__COLLECTED DATA__.
>>

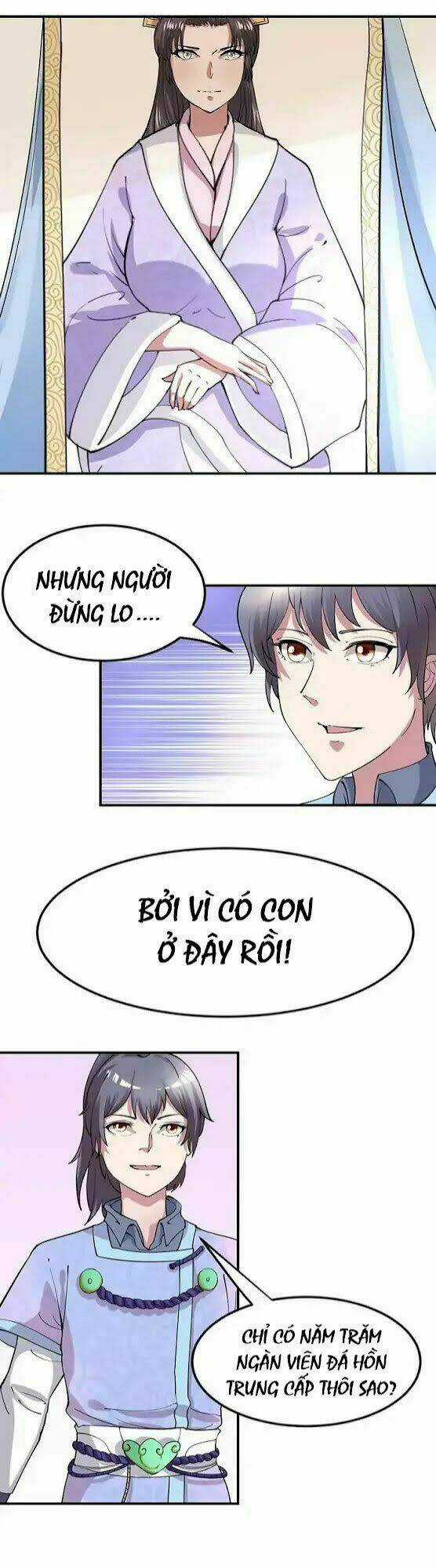 Immortal Merchant - Chapter 1 - Trang 32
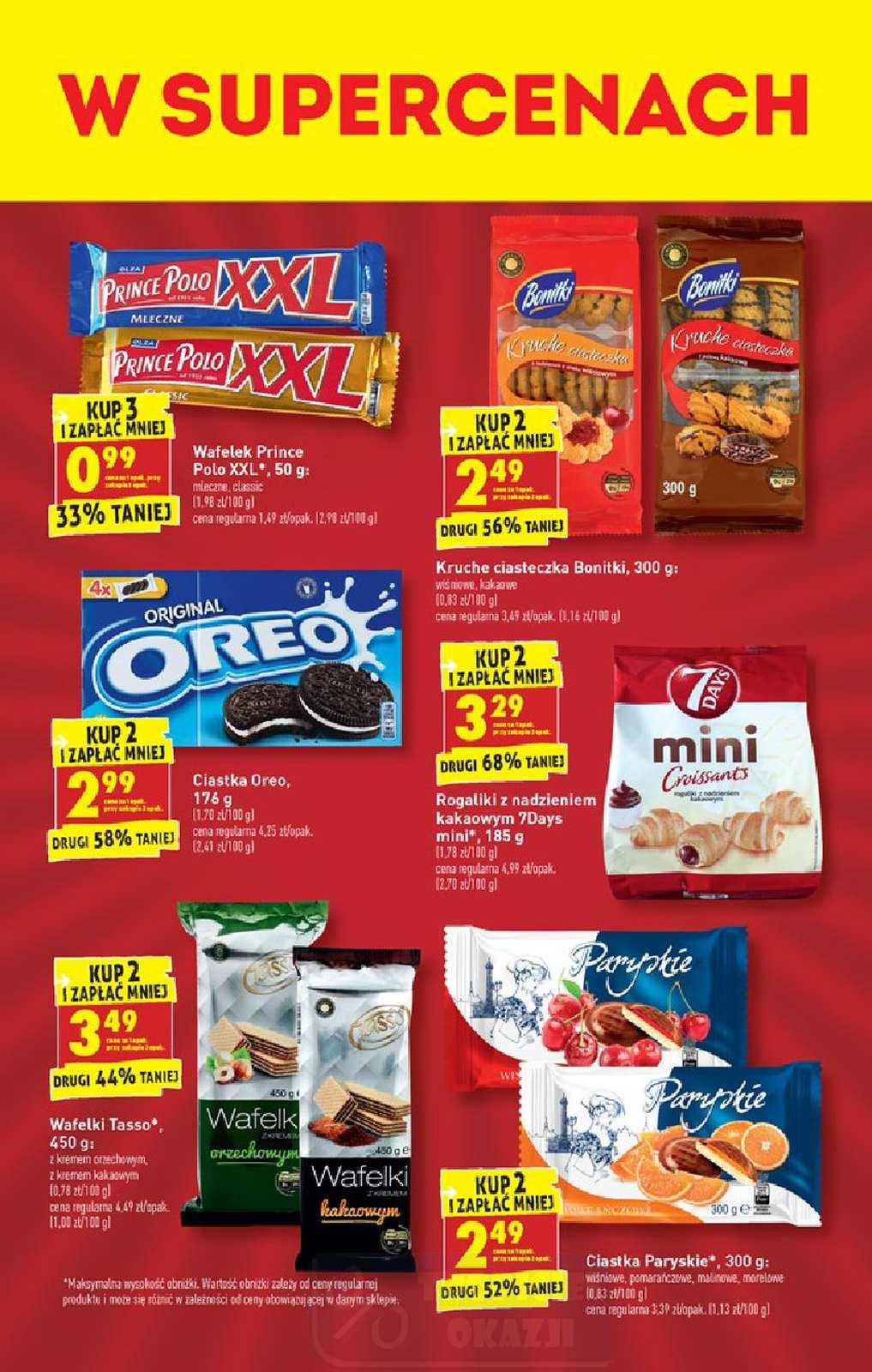 Gazetka promocyjna Biedronka str. 35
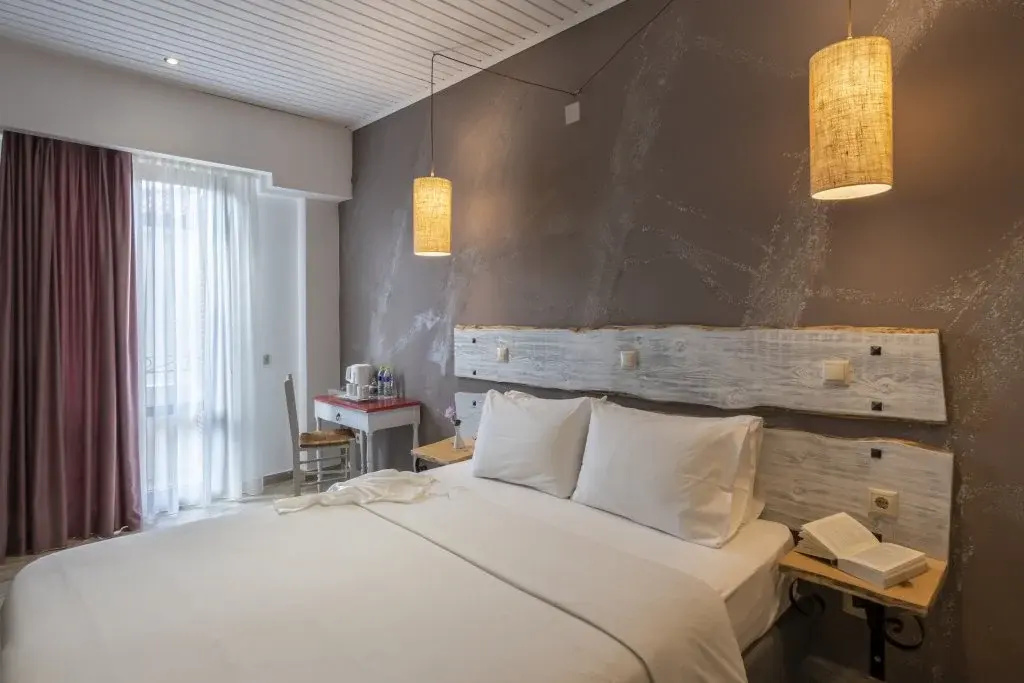 Kastalia Boutique Hotel - Chambres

<<

__EXERCISE INSTRUCTIONS__. In your copy of the listing, please omit the pictures and keep every word exact.

__TASK RESULT__.
 Immortal Merchant - Chapter 1 - Trang 32
 Gazetka promocyjna Biedronka str. 35
 Kastalia Boutique Hotel - Chambres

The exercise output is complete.